Three years later, Moscow decided to soften its uncompromising stance. The amendment issued on 15 August 2025, reopened the door to foreign participation – but only under strict conditions. Partners may reclaim their shares if they succeed in lifting or mitigating sanctions that constrain the project, securing agreements for the supply of foreign-made equipment and spare parts, establishing new technical cooperation deals, and transferring previously accumulated funds from liquidation accounts into the new operator. In practical terms, Russia is signaling a willingness to reengage with foreign stakeholders, but only on terms that advance its own strategic and operational needs. The timing of the decree, however, suggests that more is at play. Signed on the very day of the Trump–Putin meeting, the amendment reads less like a technical adjustment and more like a political gesture — an overt signal to Washington that Russia is prepared to welcome US partners back into Arctic oil development if the broader climate allows. For President Putin, it amounts to a calculated offering, a card placed on the table to prepare the ground for future negotiations and potential concessions.

Yet even if the American side were to reconsider its involvement in Russian Arctic projects, the playing field would look very different from when they first entered. ExxonMobil’s original involvement rested on a production-sharing agreement – a ownership regime that raised controversies when first introduced under President Boris Yeltsin in the 1990s.
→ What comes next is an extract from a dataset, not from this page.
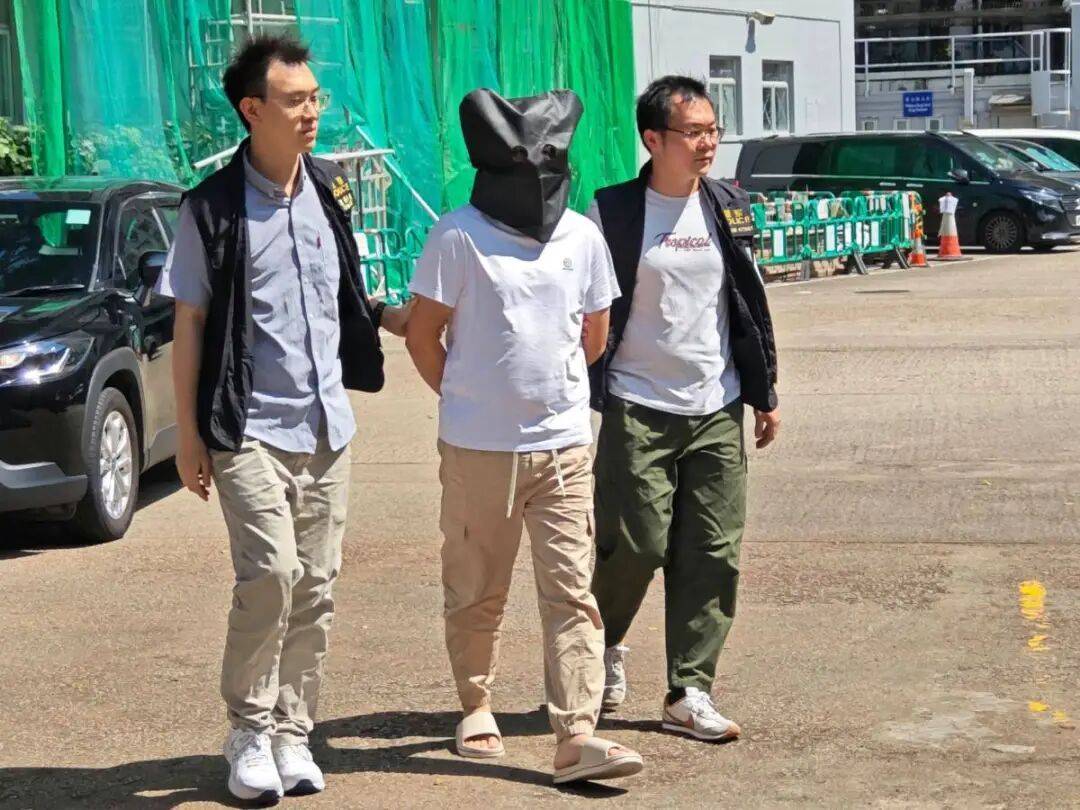 皇冠信用网开户_内地男子在香港住酒店下楼抽烟皇冠信用网开户，2分钟内价值3000万港元黄金被换成30公斤柔顺剂，警方：系同行朋友精心策划，已拘捕2人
These agreements were widely criticized in Russia for granting overly generous terms to foreign investors, depriving the state of substantial revenue and limiting transparency in how contracts were awarded and implemented. By the mid-2000s, only two PSAs remained: Sakhalin-1 and Sakhalin-2. The latter became a case study in Moscow’s assertiveness when in 2006, Putin pressured foreign investors to sell a controlling stake to Gazprom. A revived Exxon role today would come under a new legal and commercial regime, one far more tilted in Russia’s favor.

That said, the significance of such a return could extend well beyond Sakhalin itself. If ExxonMobil were to re-enter this project, it could also signal a pathway back into Russia’s broader Arctic ambitions. In 2014, the US sanctions forced Exxon to abandon its joint Arctic exploration with Rosneft after the discovery of the giant Pobeda field in the Kara Sea. With proven reserves of 130 million tonnes of oil and 422 billion cubic meters of gas (and potentially much more), the find rivaled or exceeded resource bases in the Gulf of Mexico, Brazil’s and Alaska’s continental shelves. At the time, the project’s potential was labelled as transformational. A thaw in US-Russia relations that could enable Exxon’s possible return to Sakhalin could open the door to reviving such ventures, which remain some of the most promising untapped hydrocarbon prospects in the world.
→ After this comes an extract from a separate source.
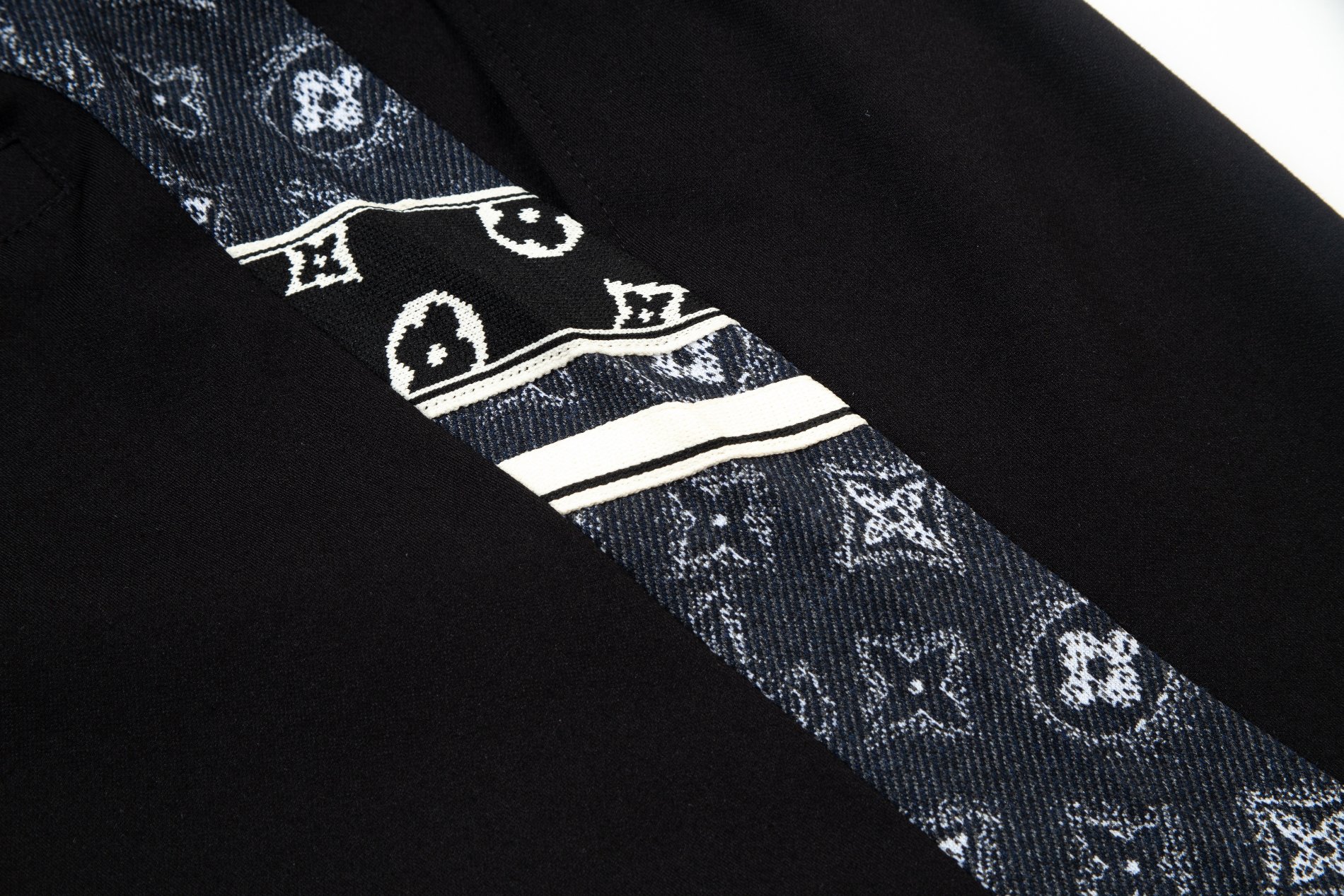 【LOUIS VUITTON 公式旗艦店】ルイヴィトン  ショートパンツご好評に付き再入荷！-BRAND OFF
For now, Putin’s August decree is a signal, not a deal. But it underscores how tightly the fate of strategic energy projects like Sakhalin-1 is bound to the arc of geopolitics. The legal structures, the buyers, the flows – all have shifted under sanctions and war. What Putin offered on August 15 was not simply a regulatory amendment. It was an invitation, timed to a pivotal political moment, hinting at how energy remains a currency of diplomacy as much as commerce.